American broadcasting company

The Kaiser Broadcasting Corp. was an American broadcast media company that owned and operated television and radio stations in the United States from 1957 to 1977.

== History ==
=== Creating a broadcast chain ===
Kaiser's involvement in broadcasting began in 1957 when the Henry J. Kaiser Company Ltd., a multi-industrial conglomerate led by the eponymous industrialist, signed on KHVH and independent KHVH-TV (channel 13) in Honolulu, Hawaii, within two months of each other. Both stations were located in the Hawaiian Village Hotel, which Kaiser also owned and from which the call sign was derived. Kaiser purchased KULA-TV (channel 4) on May 8, 1958, changed its calls to KHVH-TV on July 16, 1958, and returned the original KHVH-TV license to the Federal Communications Commission (FCC). Kaiser also acquired San Francisco station KBAY-FM in 1960, renaming it KFOG-FM and implementing a beautiful music format.

Later in the 1960s, Kaiser explored new opportunities to expand its broadcast holdings on the U.S. mainland: construction permits were secured for multiple ultra high frequency (UHF) stations, all in large markets, and KHVH-TV was sold off to help fund this expansion. The first two of these stations signed on during 1965: WKBD-TV in Detroit went on the air in January, followed nine months later by WKBS-TV in Burlington, New Jersey, a suburb of Philadelphia. WKBD-TV's debut was auspicious as the station's schedule consisted entirely of live sports play-by-play, a first in American broadcasting.
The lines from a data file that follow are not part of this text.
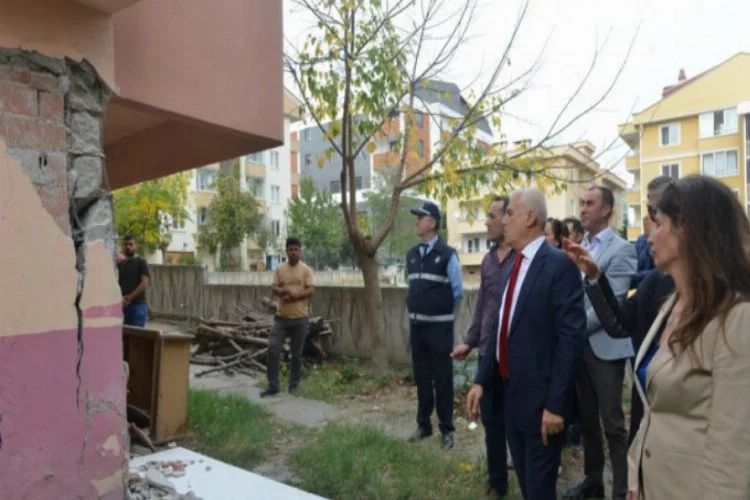 Bursa'da o binada inceleme yapıldı! ''Bir an önce yıkılması gerekiyor''
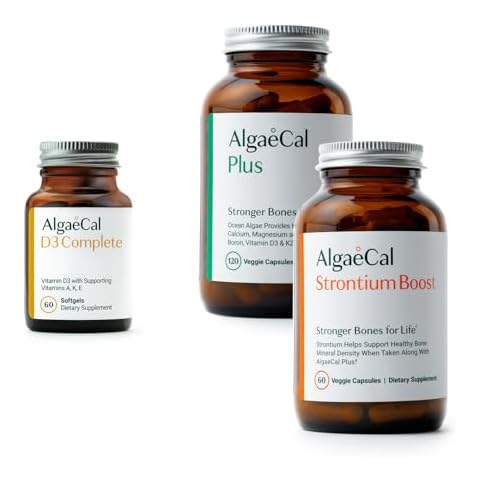 ALGAECAL Bone Health Bundle - Vitamin D3 Complete (1000 IU) + K2, Vitamin E, Vitamin A (1000 IU) & Bone Builder Pack Clinically Supported to Increase Bone Density Cover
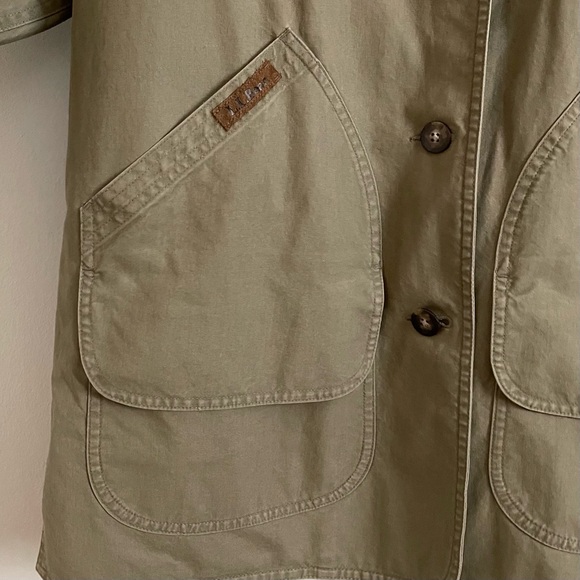 Vintage L.L. Bean Barn Coat in Olive Green with Leather Collar, Petite Large - Picture 6 of 12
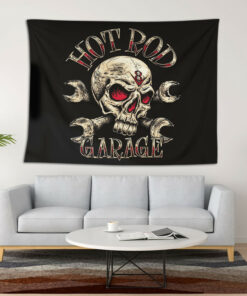 Hot Rod Iron Skull Speed Shop Garage Tapestry Wall Hanging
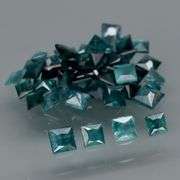 Stunning! 5.90ct set of blue green princess cut Sapphires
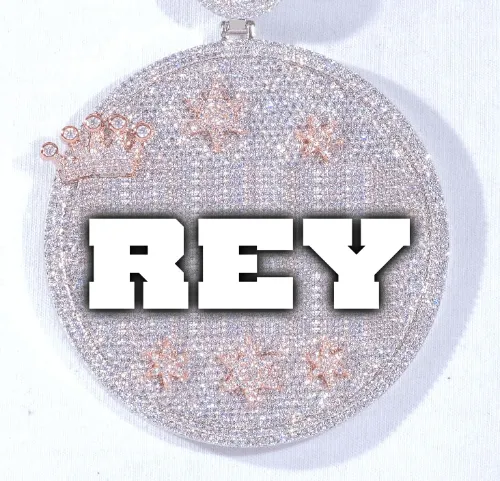 CUSTOM LETTER NECKLACE 3D BIG CROWN DISC sold by The GUU Shop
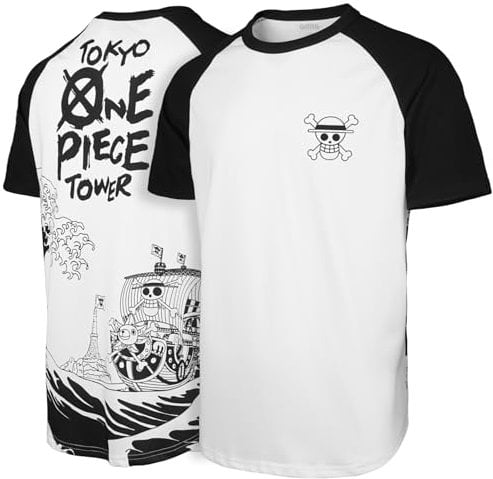 Great Wave Off Kanagawa Ukiyo-e Art Mix One Luffy Piece Thousand Sunny Pirate Ship Japanese Anime 100% Heavy Cotton Mens Raglan Baseball Short Sleeve T-Shirt(L,Short Black/White)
KMTW-TV took to the air in the Los Angeles market on June 29, 1966. Later renamed KBSC-TV, this station proved to be a weak point in the chain after failing to attain a local Phonevision franchise and became uncompetitive against the market's established seven other independent stations both on VHF and UHF. Also in June 1966, Kaiser purchased the broadcast assets of Harvey Radio Laboratories, including WXHR AM/FM/TV. The television station had been off the air since 1956 but the license remained active and was purchased by Harvey Radio in 1959. The Boston Globe then purchased a 50 percent stake in the Boston stations, creating a 50–50 joint venture that took advantage of a loophole in a proposed FCC rule limiting one ownership group to no more than three television stations in the top 50 markets. The television station was reactivated as WKBG-TV on December 21, 1966.

Kaiser started up two more stations, KBHK-TV in San Francisco and WKBF-TV in Cleveland, at the start of 1968. The company intended to have both stations sign on at the same time on January 2, 1968, and arranged for executives to be present at both facilities for the occasion, but repeated construction delays at the transmitter site due to inclement weather prevented WKBF-TV from signing on until January 19. Like WKBG-TV, WKBF-TV was jointly owned by Kaiser and Superior Broadcasting Company (which attained the station's construction permit) for its first four years of operation, but was formally recognized as "a Kaiser station" equally taking advantage of the FCC's aforementioned "top 50 market" ownership limit. The Globe reduced its ownership stake in the Boston stations to 10 percent, also in 1968.

=== Growing financial problems ===
In September 1967, the Kaiser Broadcasting Corporation announced plans for live television network operations by 1970. Excluding KBSC-TV, all stations in the Kaiser chain placed a significant emphasis on local programming, with some of the more popular programs syndicated to other Kaiser stations. These included shows hosted by Joe Dolan in San Francisco, Alan Douglas in Cleveland, Hy Lit in Philadelphia and Lou Gordon in Detroit. Gordon's WKBD-TV show proved to be the most successful, with all the Kaiser stations eventually carrying the program. This internal networking practice continued into the mid-1970s when "The Ghoul", a WKBF-TV horror host portrayed by Ron Sweed, was syndicated to WKBD-TV, WKBG-TV, KBHK-TV and later WFLD-TV (the latter after Kaiser purchased majority control).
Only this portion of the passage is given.